My recent work with OpenPose and conditional adversarial networks lead me to start thinking about the generation of fake news media. I decided to develop a model based off of a video someone who could pass as a news anchor with a green screen background. The google search took a few minutes but I was able to come up with a relatively good stock photo video of a woman talking in front of a green screen.
I applied OpenPose to generate the data as I had in my previous work. This time however, instead of using Tensorflow openpose, I used the original CMU version, which allow for easy access of head and hand data and more accurate skeleton tracking data.
From that data I was able to develop a pretty solid model with Pix2PixHD. I generated about 2000 frame of OpenPose data from the initial video. I then built a model off of the original frames and open pose frames. From there I took a video of myself talking, and inferenced the OpenPose data from the video of myself onto the model of the speaker. Below is the output after only 7 epochs.

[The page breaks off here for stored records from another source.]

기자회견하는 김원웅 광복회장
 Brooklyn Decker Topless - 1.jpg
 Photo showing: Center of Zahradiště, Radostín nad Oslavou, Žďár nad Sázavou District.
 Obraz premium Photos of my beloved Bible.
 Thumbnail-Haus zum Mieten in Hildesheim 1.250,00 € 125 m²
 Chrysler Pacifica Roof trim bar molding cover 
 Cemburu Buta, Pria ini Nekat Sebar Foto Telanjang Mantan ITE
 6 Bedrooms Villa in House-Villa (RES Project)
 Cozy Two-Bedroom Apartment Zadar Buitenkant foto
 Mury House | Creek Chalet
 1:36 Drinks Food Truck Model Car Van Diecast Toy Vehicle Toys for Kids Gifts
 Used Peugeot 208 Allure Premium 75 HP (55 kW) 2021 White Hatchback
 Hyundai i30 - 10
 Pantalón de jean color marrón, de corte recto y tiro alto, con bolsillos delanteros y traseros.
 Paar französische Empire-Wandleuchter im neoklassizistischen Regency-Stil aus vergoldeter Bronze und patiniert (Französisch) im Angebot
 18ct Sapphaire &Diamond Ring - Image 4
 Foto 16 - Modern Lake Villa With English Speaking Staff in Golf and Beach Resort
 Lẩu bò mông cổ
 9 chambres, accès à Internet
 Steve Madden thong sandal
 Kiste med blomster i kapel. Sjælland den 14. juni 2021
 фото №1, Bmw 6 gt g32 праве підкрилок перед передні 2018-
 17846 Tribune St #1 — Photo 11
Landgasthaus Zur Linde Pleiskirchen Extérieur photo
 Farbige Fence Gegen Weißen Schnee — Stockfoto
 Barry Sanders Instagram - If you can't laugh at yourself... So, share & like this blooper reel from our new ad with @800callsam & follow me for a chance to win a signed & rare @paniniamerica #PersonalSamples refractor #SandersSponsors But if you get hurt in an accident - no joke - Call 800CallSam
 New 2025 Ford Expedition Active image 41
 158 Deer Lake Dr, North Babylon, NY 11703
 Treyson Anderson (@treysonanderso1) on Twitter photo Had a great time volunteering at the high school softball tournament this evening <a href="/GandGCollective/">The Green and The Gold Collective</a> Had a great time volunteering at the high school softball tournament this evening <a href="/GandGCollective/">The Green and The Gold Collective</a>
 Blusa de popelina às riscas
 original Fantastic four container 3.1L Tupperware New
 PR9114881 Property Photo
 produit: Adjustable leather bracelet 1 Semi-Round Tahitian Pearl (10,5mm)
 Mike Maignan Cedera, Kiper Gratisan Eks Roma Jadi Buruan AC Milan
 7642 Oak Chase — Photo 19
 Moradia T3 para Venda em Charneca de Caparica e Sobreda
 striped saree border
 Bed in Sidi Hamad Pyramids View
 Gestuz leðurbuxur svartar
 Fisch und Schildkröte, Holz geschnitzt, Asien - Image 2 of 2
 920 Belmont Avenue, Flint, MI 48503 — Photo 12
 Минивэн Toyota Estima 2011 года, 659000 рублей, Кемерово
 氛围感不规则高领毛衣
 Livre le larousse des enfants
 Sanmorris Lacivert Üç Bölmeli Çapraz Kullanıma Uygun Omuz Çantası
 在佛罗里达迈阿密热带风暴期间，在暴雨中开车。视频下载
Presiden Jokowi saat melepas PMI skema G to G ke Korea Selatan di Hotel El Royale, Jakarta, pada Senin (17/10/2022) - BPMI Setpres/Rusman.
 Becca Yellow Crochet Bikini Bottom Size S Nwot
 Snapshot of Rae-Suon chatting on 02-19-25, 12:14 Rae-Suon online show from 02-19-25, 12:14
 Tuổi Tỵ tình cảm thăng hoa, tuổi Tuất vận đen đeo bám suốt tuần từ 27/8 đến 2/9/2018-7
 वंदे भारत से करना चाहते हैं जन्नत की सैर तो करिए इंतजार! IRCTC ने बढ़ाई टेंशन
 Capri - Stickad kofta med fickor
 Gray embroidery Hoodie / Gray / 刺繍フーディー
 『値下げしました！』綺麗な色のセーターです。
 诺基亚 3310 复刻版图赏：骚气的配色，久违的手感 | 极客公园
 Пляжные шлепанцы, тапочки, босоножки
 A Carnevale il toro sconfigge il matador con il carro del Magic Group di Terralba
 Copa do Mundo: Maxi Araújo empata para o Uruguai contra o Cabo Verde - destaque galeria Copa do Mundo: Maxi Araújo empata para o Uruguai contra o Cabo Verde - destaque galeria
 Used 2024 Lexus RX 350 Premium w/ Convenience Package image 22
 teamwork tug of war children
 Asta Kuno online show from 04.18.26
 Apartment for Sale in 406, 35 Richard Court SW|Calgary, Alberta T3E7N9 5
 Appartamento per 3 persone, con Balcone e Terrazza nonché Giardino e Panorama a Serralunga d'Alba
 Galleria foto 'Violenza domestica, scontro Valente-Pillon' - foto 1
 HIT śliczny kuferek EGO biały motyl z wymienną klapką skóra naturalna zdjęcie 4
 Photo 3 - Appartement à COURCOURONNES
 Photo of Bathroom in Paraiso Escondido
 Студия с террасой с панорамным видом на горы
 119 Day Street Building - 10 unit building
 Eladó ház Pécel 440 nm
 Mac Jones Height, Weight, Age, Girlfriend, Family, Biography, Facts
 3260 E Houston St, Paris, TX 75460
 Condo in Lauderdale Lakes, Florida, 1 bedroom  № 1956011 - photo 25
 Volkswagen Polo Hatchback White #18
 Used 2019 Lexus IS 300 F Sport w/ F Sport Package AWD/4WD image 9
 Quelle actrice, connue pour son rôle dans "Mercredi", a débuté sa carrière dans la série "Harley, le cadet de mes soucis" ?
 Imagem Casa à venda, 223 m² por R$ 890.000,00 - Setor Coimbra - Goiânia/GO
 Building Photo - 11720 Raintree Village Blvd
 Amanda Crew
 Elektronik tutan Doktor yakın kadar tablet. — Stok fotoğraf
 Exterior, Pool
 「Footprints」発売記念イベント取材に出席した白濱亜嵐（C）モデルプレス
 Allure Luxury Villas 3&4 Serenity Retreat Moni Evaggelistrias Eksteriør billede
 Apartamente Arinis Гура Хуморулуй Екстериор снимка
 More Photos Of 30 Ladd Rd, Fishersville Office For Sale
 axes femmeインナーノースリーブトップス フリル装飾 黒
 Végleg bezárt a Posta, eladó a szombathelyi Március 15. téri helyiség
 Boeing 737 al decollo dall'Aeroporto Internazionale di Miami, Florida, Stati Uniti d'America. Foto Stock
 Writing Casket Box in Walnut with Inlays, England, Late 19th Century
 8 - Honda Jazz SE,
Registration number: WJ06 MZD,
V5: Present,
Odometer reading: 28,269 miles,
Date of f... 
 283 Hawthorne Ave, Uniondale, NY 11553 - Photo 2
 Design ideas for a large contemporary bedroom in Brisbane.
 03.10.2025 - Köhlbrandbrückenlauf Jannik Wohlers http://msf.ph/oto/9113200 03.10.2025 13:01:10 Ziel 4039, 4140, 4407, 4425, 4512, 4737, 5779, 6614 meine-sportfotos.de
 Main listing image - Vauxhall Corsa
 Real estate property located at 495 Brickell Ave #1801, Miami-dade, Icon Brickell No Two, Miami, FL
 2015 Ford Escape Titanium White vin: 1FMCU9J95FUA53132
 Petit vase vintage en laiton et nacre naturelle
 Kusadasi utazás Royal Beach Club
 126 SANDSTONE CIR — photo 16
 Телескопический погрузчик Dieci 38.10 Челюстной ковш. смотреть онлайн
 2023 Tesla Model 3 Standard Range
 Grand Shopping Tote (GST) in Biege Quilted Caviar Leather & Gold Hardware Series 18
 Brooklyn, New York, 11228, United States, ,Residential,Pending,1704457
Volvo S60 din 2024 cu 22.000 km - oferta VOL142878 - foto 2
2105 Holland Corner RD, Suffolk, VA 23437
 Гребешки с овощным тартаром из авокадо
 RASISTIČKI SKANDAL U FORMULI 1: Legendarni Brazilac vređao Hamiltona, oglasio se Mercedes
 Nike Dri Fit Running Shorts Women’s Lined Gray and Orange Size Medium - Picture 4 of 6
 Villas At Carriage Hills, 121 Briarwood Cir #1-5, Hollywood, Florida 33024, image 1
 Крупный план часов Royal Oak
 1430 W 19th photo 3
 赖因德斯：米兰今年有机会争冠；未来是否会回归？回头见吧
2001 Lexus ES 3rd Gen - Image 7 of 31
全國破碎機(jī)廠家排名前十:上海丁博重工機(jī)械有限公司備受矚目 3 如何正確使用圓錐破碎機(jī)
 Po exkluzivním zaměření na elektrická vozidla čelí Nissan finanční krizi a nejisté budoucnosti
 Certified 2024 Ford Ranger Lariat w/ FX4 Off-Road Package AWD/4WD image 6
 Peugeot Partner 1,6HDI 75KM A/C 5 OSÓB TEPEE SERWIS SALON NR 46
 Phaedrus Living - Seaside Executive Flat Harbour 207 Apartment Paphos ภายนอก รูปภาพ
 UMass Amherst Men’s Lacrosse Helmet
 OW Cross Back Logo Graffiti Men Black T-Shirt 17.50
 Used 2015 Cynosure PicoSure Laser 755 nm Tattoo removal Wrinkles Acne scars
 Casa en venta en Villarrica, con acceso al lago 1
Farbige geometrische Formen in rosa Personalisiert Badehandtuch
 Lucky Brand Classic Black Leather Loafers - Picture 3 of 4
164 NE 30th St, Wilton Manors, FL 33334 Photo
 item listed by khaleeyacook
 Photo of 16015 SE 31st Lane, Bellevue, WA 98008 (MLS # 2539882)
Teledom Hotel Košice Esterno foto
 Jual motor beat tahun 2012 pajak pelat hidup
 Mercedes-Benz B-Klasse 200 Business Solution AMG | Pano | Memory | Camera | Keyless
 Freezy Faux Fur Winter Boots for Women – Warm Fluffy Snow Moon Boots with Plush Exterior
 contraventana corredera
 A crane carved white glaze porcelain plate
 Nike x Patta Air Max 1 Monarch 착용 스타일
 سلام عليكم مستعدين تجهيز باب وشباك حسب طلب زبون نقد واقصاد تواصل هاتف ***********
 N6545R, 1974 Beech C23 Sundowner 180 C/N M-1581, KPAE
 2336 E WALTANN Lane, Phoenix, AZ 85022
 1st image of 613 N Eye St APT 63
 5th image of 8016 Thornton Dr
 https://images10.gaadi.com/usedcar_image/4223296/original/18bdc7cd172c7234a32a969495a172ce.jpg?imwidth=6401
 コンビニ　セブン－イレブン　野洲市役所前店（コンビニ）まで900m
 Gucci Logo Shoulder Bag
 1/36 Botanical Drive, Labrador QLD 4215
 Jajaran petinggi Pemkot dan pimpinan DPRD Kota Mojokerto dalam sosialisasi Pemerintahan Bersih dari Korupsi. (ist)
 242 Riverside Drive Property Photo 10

I couldn't create "fake news" without putting the output into a fake newsroom. I knew nothing about green screens, Adobe Premier Pro, or video editing, but after a couple of quick tutorials I was up and running. The video below was developed after training the Pix2pix model for 30 or so epoch on the 2000 input frame pairs. It ran overnight and took about 12hrs. It's worrisome how easy it is to produce videos like these. For about $12 in GPU time on an AWS EC2 instance, a lone developer like myself can create an (not quite) passable model, decide what movements it will make, and potentially sub in some nefarious speech of their own.